Postby caryn » Sat May 20, 2006 09:32 pm

I'm only one of the resident science chicks, so this will probably get expanded further, but here's a little more expansion on Laura...

It is looking very much these days like the problem with the initial implantation of the placenta is caused by a response to the foreign proteins of the placenta, which the immune system either a) recognizes as an invader, and attempts to reject, or b) fails to reject strongly enough (!) . All sorts of things can predispose you to this problem: an autoimmune disease, a family history of hypertension, multiples, any of the various forms of insulin resistance like diabetes or PCOS or GD, and so forth. Perhaps the reason "first baby" is a risk factor is that the immune system has to practice recognizing and responding to fetal DNA in order to handle it properly; we really don't know.

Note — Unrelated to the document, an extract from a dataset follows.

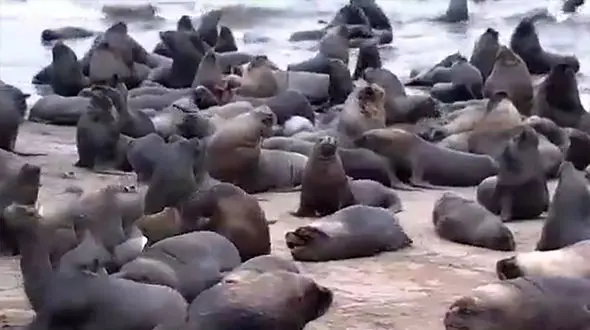 فیلم فرار شیر های دریایی از ترس نهنگ به شهر های شیلی + فیلم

At any rate, the placenta's spiral arteries just don't get in there deeply enough, and the placenta ends up shallowly implanted and sometimes abnormally small because its normal growth has been compromised by the immune system as well. Scientists are pretty sure about this part; almost every study I've seen lately starts off with a first sentence along the lines of "Preeclampsia is characterized by poorly implanted placentae that..."

The theory goes: right around mid-pregnancy, the fetus begins to pack on weight and demand more blood across the placenta, but the placenta can't ferry it. The fetus begins to be shortchanged with respect to oxygen and nutrients (so IUGR is often associated with PE.) Our best guess at this point is that when the placenta becomes hypoxic, a protein called sFlt-1 gets expressed in its cells. (SFlt-1 stands for soluble fms-like tyrosine kinase, which is a mouthful.)

Ordinarily our bodies produce a lot of something called VEGF, for vascular endothelial growth factor. VEGF's "job" is to rattle around the blood vessels looking for leaks, and plug them -- it shepherds repair molecules into the holes blood vessels develop as they age. SFlt-1 is a VEGF antagonist, which means it binds to VEGF and makes it unable to do its job.

This loss of VEGF means the vessels become leaky (so swelling, sometimes oliguria, and cerebral edema, which explains the headache, visual disturbances, and hyperreflexia) and the kidneys aren't repaired so they can't filter properly (so you start to spill protein) and the liver starts to become toxic (so all the bad bloodwork showing liver damage -- sFlt-1 is hepatotoxic.) Edema can increase pressure on the blood vessels from the surrounding tissue. As if this weren't enough, all sorts of vasoconstrictors start to be expressed as well, tightening down the blood vessel walls and further raising pressures. That constellation of responses is pretty much the clinical definition of "multiple organ failure."

Oddly enough, sFlt-1 is present in *all* pregnancies -- it's just present early, and in phenomenally large quantities, in hypertensive pregnancies. The hypothesis here is that ordinarily placentae are only significantly hypoxic during labor contractions, and that production of sFlt-1 would help to detach the placenta from the uterine wall. So this explains the high rates of placental abruption in the population of hypertensive pregnancies.

And some people have existing hypertension, kidney or liver damage, etc -- which means their bodies are just that much more sensitive to the beginning of this cascade. When things start to go wrong, they touch off a feedback loop, and things often get much worse very quickly as one cause drives an increase in the effect of another. The average time from diagnosis to delivery is right around two weeks, and we've had the whole gamut from mild PE posters who go for months on bedrest, to women who crash into HELLP syndrome between their 2 pm OB appointment and the start of SNL.

So it's *REALLY* important to monitor your own symptoms, push for further testing, and generally keep your eyes peeled for further problems if you've gotten a positive diagnosis and you aren't already in the delivery room. Better safe than sorry.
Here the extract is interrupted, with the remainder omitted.